Graph Meta Learning via Local Subgraphs

Prevailing methods for graphs require abundant label and edge information for learning. When data for a new task are scarce, meta-learning allows us to learn from prior experiences and form much-needed inductive biases for fast adaption to the new task. Here, we introduce G-Meta, a novel meta-learning approach for graphs. G-Meta uses local subgraphs to transfer subgraph-specific information and make the model learn the essential knowledge faster via meta gradients. G-Meta learns how to quickly adapt to a new task using only a handful of nodes or edges in the new task and does so by learning from data points in other graphs or related, albeit disjoint label sets. G-Meta is theoretically justified as we show that the evidence for a particular prediction can be found in the local subgraph surrounding the target node or edge. G-Meta is theoretically justified, which we show using the theory of enclosing subgraphs.
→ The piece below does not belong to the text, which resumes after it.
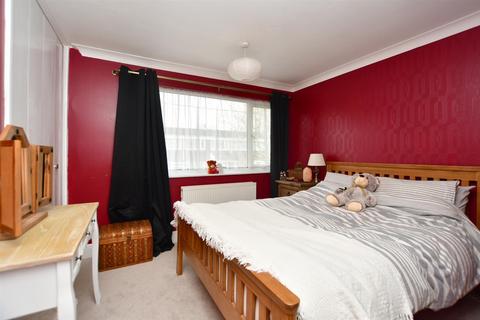 13 Wildman Close, Gillingham, ME8 9SL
Experiments on seven datasets and nine baseline methods show that G-Meta can considerably outperform existing methods by up to 16.3%. Unlike previous methods, G-Meta can successfully learn in challenging, few-shot learning settings that require generalization to completely new graphs and never-before-seen labels. Finally, G-Meta scales to large graphs, which we demonstrate on our new Tree-of-Life dataset comprising of 1,840 graphs, a two-orders of magnitude increase in the number of graphs used in prior work.